BOE’s Bailey Has a Message for Funds: ‘You've Got Three Days’ to Wind Up Positions


  • BOE governor says funds have three days to unwind positions
  • Lobby group says bank hasn’t given investors enough time


Bailey Says BOE Will Stop Market Support Friday
By Philip Aldrick and Liza Tetley (Bloomberg)

October 12, 2022 at 1:53 AM GMT+7Updated October 12, 2022 at 4:08 AM GMT+7

Bank of England Governor Andrew Bailey warned fund managers they have until the end of this week to wind up positions that they can’t maintain before the central bank halts its market support, triggering a selloff in the pound and US stocks.
“My message to the funds involved and all the firms is you’ve got three days left now,” Bailey said at the Institute of International Finance annual meeting in Washington on Tuesday. “You’ve got to get this done.”

The comments rattled broad markets, with US stocks turning sharply lower in late trading as Treasury yields rose. The pound fell below 1.10 versus the dollar for the first time since Sept. 29 and weighed on stock indexes. It was last 1% lower at 1.09 at 4:10 p.m in New York.

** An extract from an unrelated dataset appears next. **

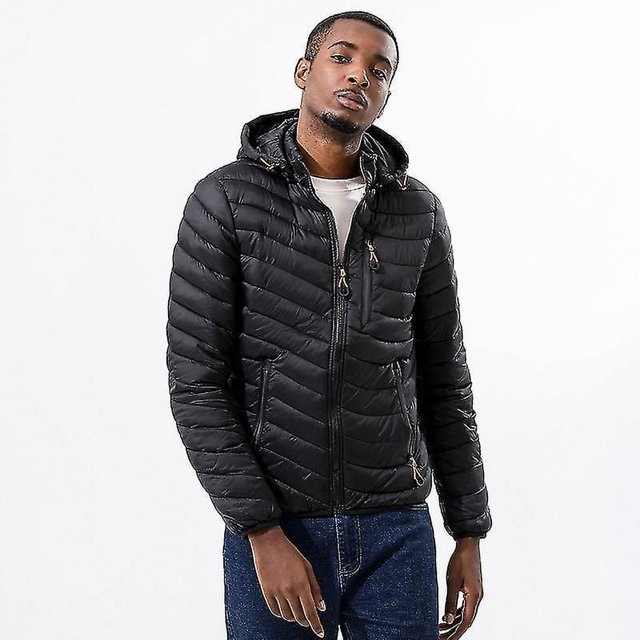 Down Jacket Lightweight Padded Jacket Men's Warm Padded Jacket Removable Hood Padded Jacket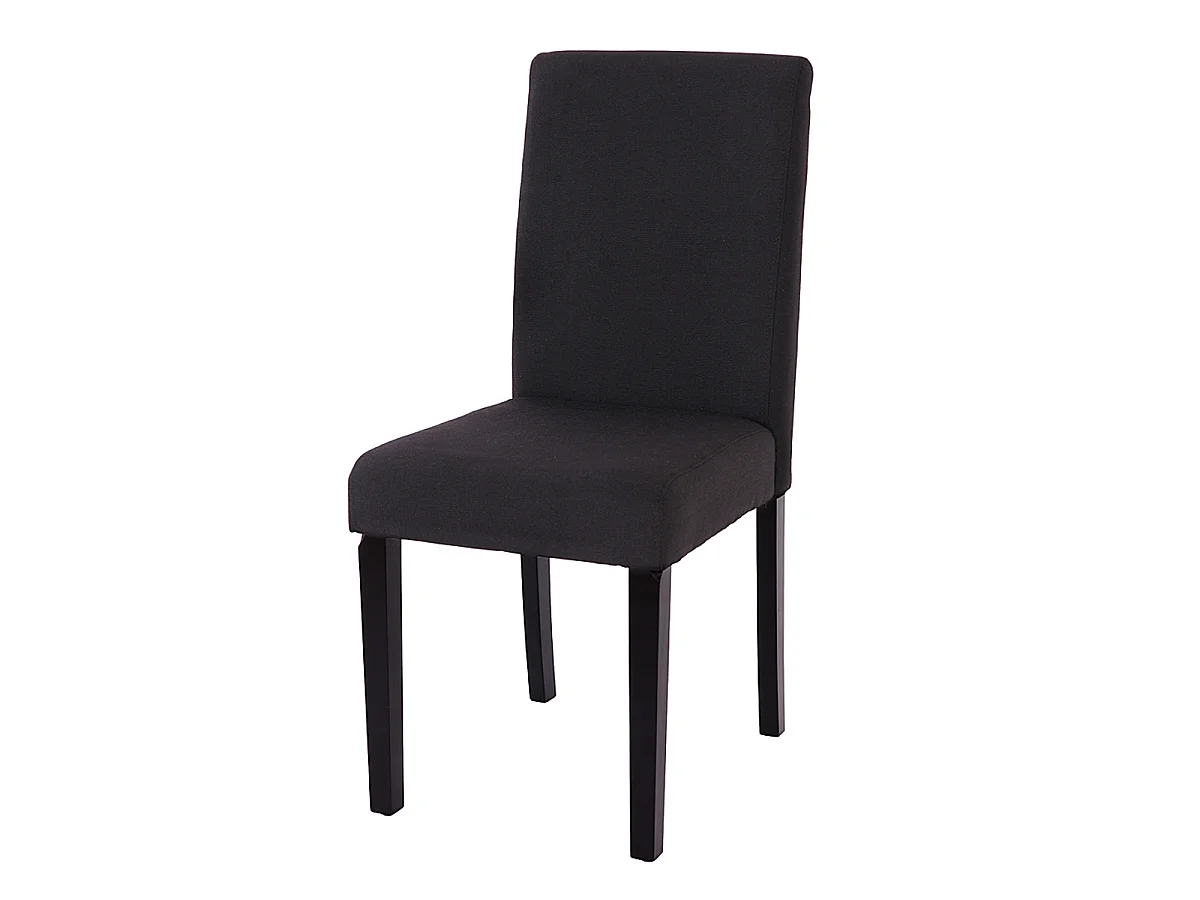 Chaise de salle à manger Littau (lot de 2),  tissu noir, pieds foncés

The Bank earlier on Tuesday expanded the range of its bond-buying program to include inflation-linked debt for the first time to avert what it called a “fire sale” that threatens financial stability. While the central bank has always said its support will end Friday, a lobby group representing UK pension funds urged Bailey to extend the program at least until the end of the month, saying that investors hadn’t been given enough time to unwind their positions.

“We think markets will force the Bank’s hand to either extend these measures or open new ones into mid-November, their hard stance on taking away the support mechanism is doing the pound no favors,” said Simon Harvey, head of FX analysis at Monex Europe. “The BoE’s actions to expand its backstop reeked of desperation.”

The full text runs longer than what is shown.